Google's Ironwood TPU Achieves 10X Peak Performance, Ushering in New Era of AI Inference

Image for Google's Ironwood TPU Achieves 10X Peak Performance, Ushering in New Era of AI Inference

Google has announced the general availability (GA) of its 7th generation Tensor Processing Unit (TPU), codenamed Ironwood, marking a significant leap in AI acceleration technology. The new TPU delivers a 10X peak performance improvement over its predecessor, TPU v5p, and more than 4X better performance per chip for both training and inference workloads compared to TPU v6e (Trillium). This advancement positions Ironwood as Google's most powerful and energy-efficient custom silicon to date, designed to power "thinking, inferential AI models at scale."

Sundar Pichai, CEO of Google and Alphabet, stated in a tweet, "> Our 7th gen TPU Ironwood is coming to GA! It’s our most powerful TPU yet: 10X peak performance improvement vs. TPU v5p, and more than 4X better performance per chip for both training + inference workloads vs. TPU v6e (Trillium). We use TPUs to train + serve our own frontier models, including Gemini, and we’re excited to make the latest generation available to @googlecloud customers." This underscores Google's commitment to leveraging its own hardware for frontier AI models like Gemini.

Ironwood is purpose-built for the "age of inference," a shift towards AI models that proactively generate insights and interpretations rather than just providing real-time information. It scales up to 9,216 liquid-cooled chips within a superpod, offering a staggering 42.5 Exaflops of compute power, which is more than 24 times the compute power of the world's largest supercomputer, El Capitan. This massive parallel processing capability is crucial for handling complex Large Language Models (LLMs) and Mixture of Experts (MoEs).

The new TPU features enhanced SparseCore, increased High Bandwidth Memory (HBM) capacity of 192 GB per chip (6x that of Trillium), and dramatically improved HBM bandwidth at 7.37 TB/s.
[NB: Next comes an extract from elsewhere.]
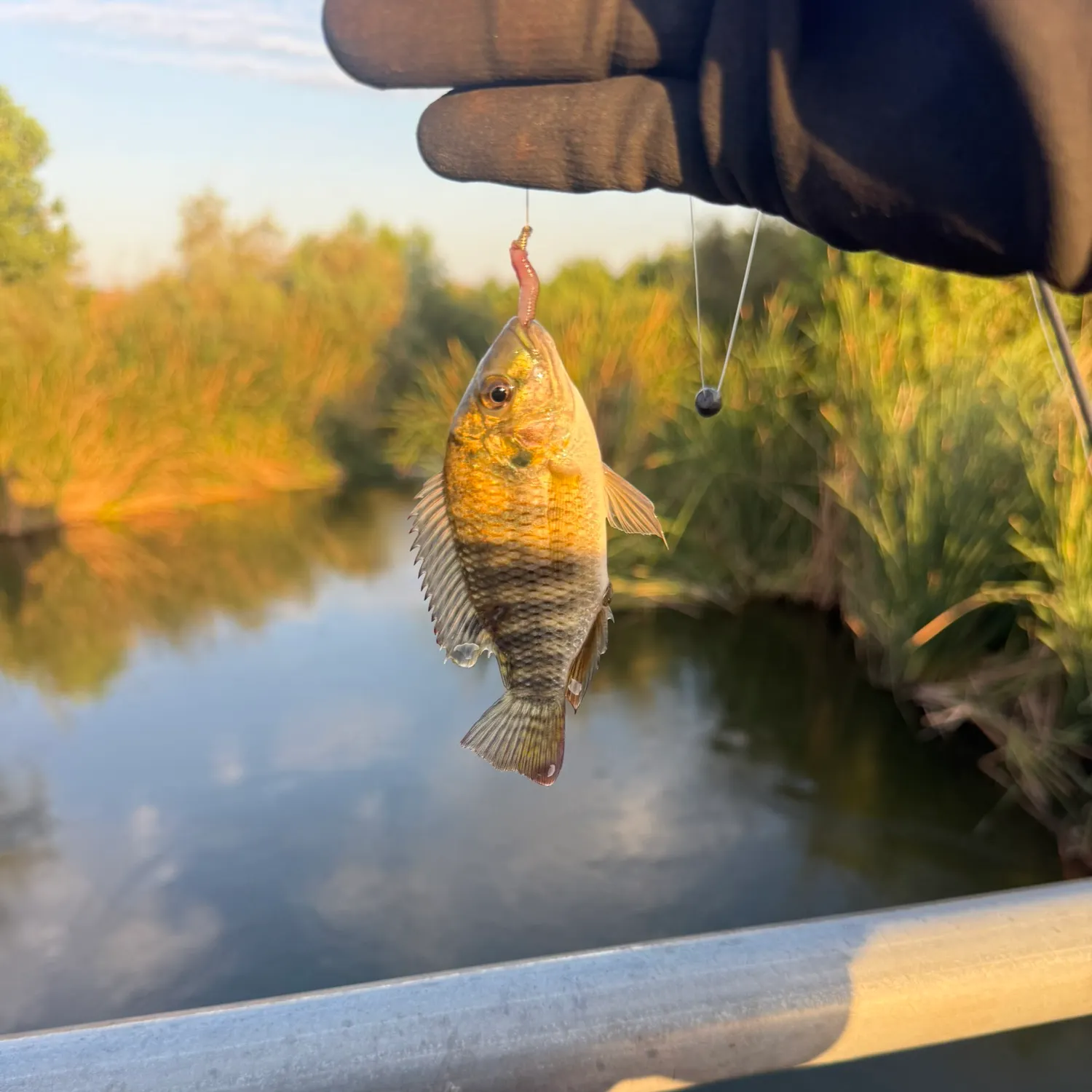 The most recent Redbelly tilapia catches on Fishbrain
Its Inter-Chip Interconnect (ICI) bandwidth has also been boosted to 1.2 TBps bidirectional, facilitating efficient distributed training and inference at scale. These innovations aim to minimize data movement and latency, crucial for demanding AI workloads.

Leading AI companies are already adopting Ironwood. Anthropic, the developer of the Claude model family, plans to utilize up to one million TPUs, citing significant cost-to-performance gains. James Bradbury, Head of Compute at Anthropic, noted that Ironwood's improvements in inference performance and training scalability will help them "scale efficiently while maintaining the speed and reliability our customers expect." Lightricks is also deploying Ironwood to train and serve its LTX-2 multimodal system.

Alongside Ironwood, Google Cloud also introduced new Arm-based Axion CPUs, which are designed to complement the TPUs by handling general-purpose computing tasks and data preparation for AI workloads. This integrated "AI Hypercomputer" architecture aims to optimize hardware and software for the most demanding AI tasks, offering customers a comprehensive solution for their evolving AI needs.